→ SOURCE DATA
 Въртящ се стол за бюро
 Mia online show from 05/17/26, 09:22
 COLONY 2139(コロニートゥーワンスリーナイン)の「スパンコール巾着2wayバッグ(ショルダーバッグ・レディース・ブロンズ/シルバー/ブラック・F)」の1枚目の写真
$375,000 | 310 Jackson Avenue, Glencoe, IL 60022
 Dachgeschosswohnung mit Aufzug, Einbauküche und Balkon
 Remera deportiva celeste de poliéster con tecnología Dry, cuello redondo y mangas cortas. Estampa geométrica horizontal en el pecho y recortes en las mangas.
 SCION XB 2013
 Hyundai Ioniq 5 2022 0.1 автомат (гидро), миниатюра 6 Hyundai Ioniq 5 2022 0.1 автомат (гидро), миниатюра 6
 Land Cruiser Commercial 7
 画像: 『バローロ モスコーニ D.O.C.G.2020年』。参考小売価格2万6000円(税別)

* * *

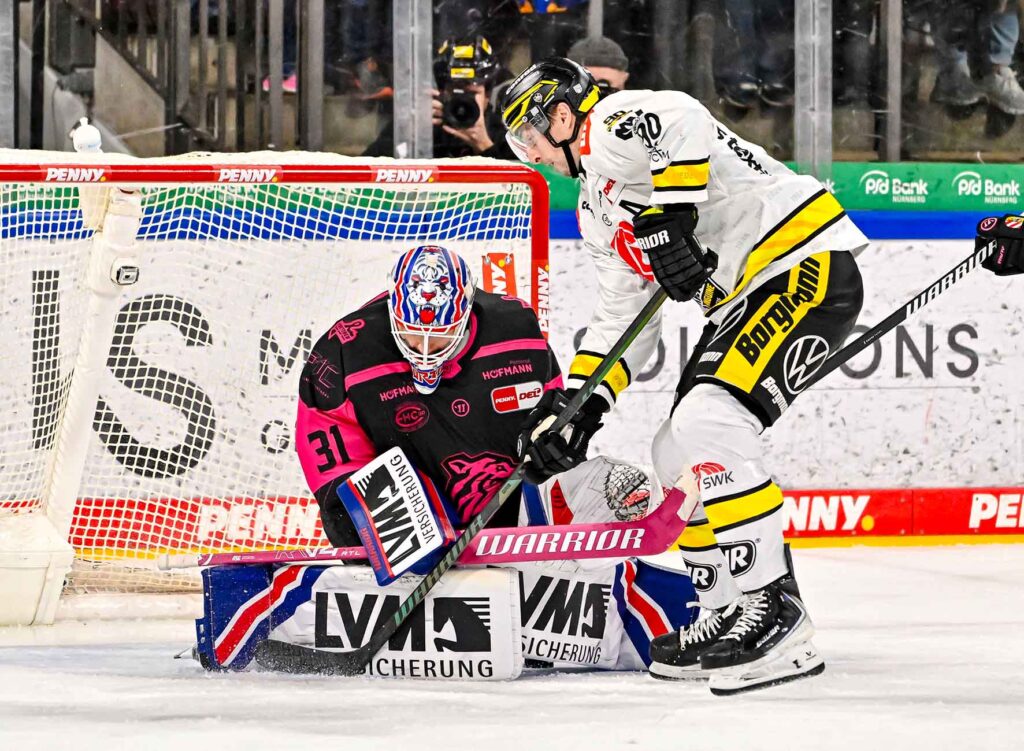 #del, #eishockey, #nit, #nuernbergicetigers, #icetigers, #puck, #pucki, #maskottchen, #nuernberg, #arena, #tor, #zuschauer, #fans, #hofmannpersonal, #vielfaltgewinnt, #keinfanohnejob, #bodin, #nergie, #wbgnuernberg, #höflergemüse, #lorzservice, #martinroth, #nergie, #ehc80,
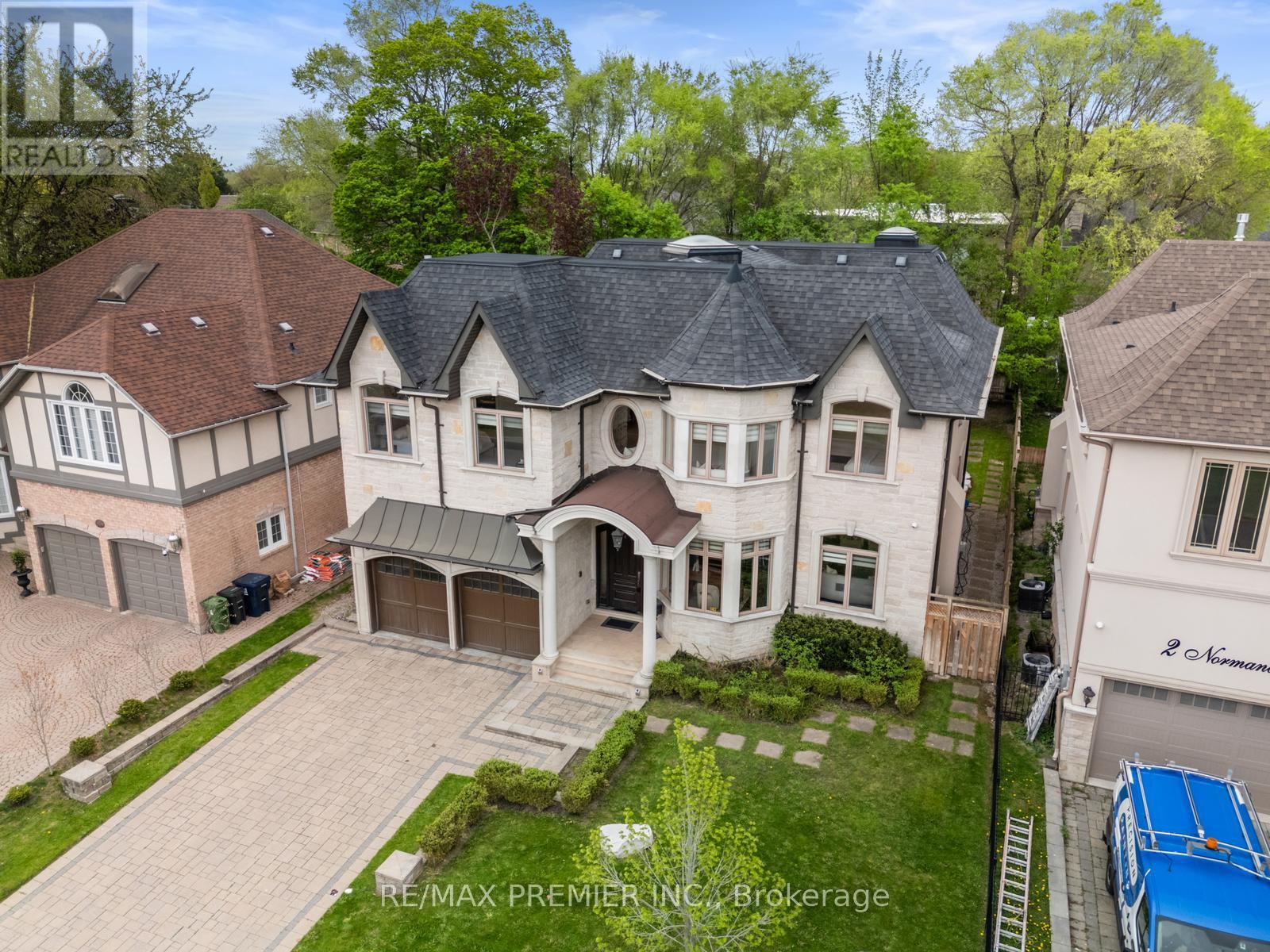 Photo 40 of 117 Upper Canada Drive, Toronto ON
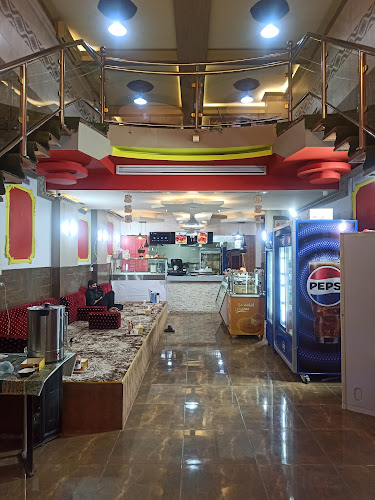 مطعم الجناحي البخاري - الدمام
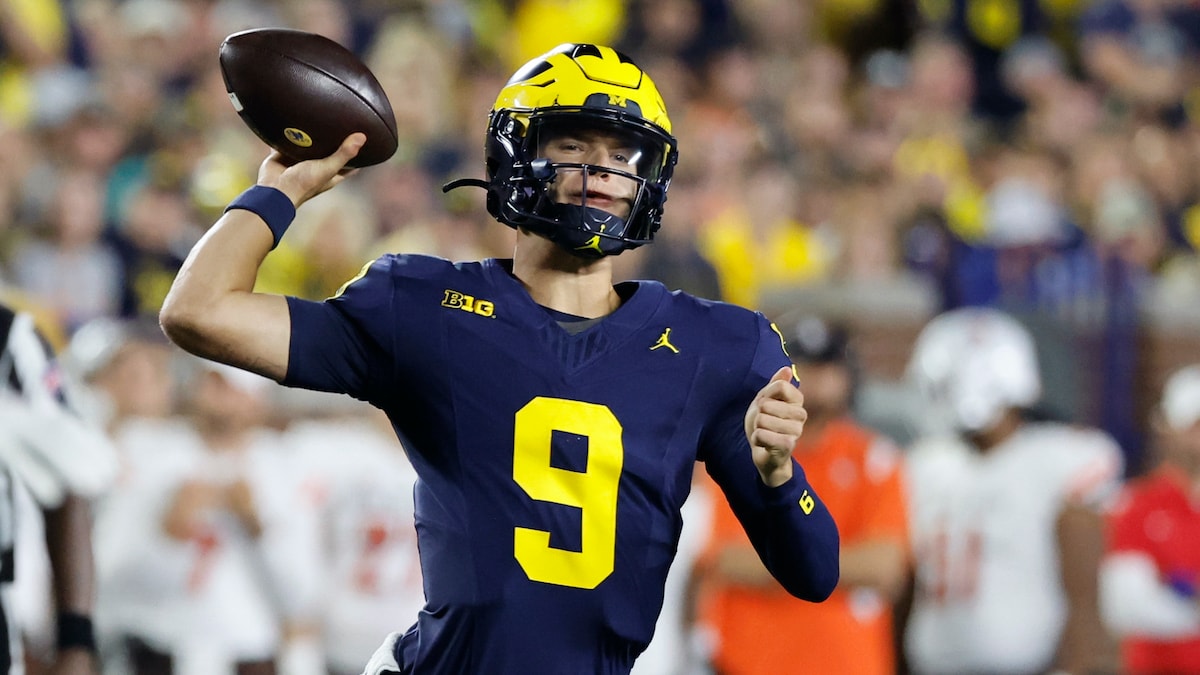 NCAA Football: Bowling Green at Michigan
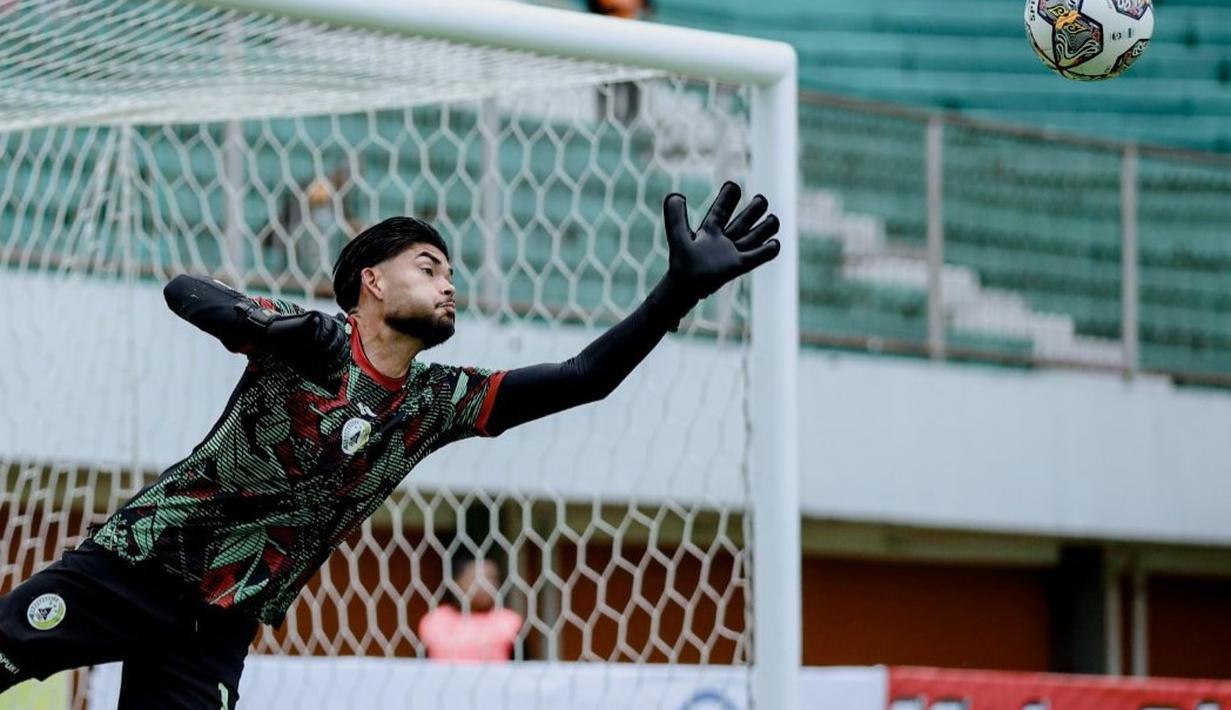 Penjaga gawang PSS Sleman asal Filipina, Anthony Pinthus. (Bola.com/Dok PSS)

==

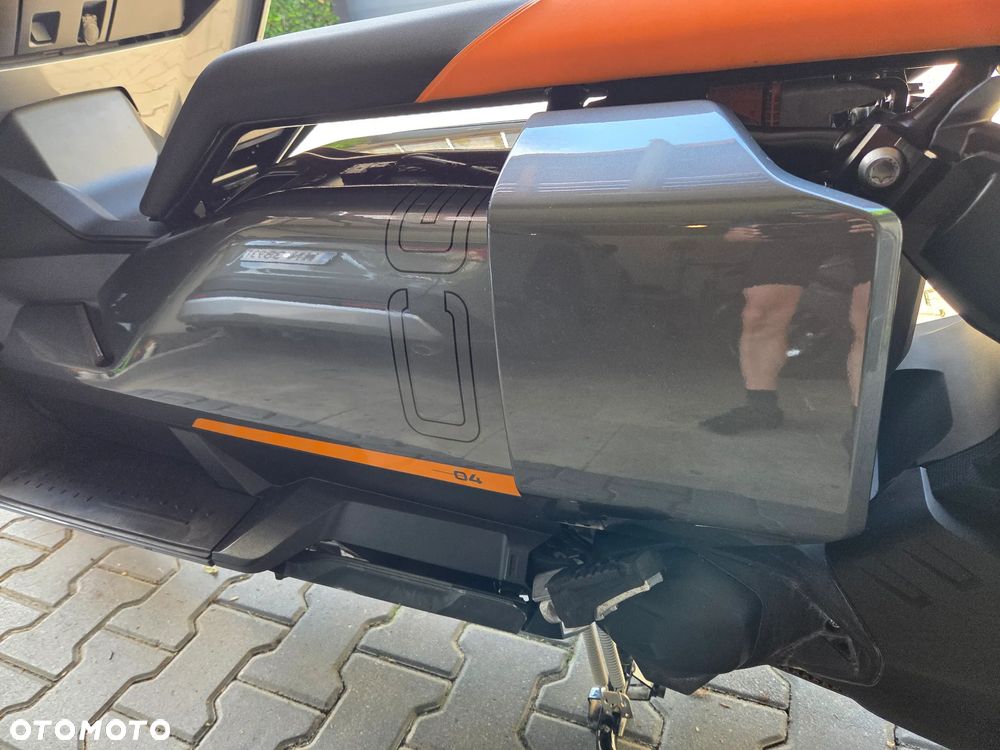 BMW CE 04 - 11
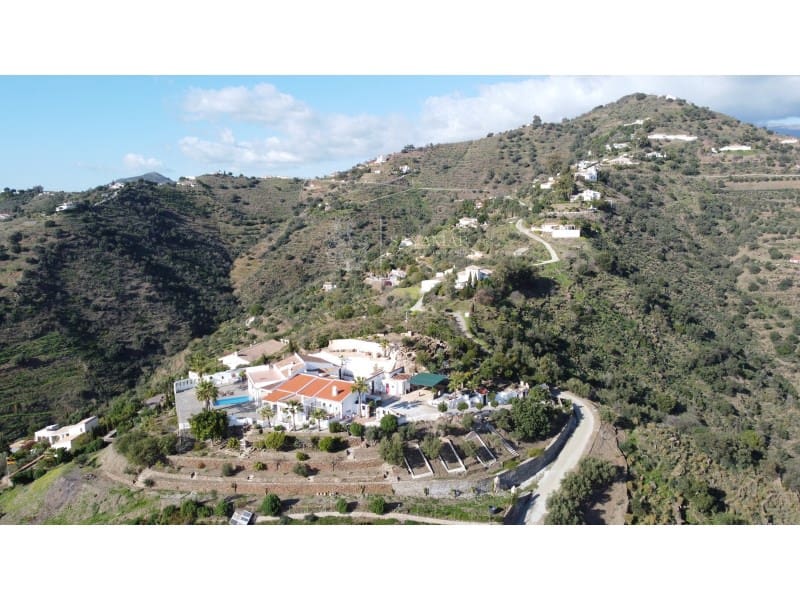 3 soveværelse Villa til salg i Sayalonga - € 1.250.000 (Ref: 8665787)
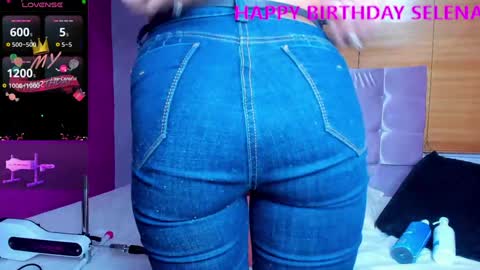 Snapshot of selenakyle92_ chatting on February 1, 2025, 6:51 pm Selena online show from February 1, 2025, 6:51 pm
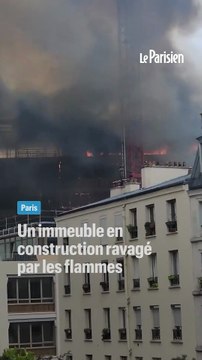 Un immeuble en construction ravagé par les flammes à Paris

→ EXERCISE INSTRUCTIONS
Your copy should hold the lines from the one with "3 soveværelse Villa" up to and including the one with "Un immeuble en", exactly as in the data above, and no pictures.

→ RESULT
 3 soveværelse Villa til salg i Sayalonga - € 1.250.000 (Ref: 8665787)
 Snapshot of selenakyle92_ chatting on February 1, 2025, 6:51 pm Selena online show from February 1, 2025, 6:51 pm
 Un immeuble en construction ravagé par les flammes à Paris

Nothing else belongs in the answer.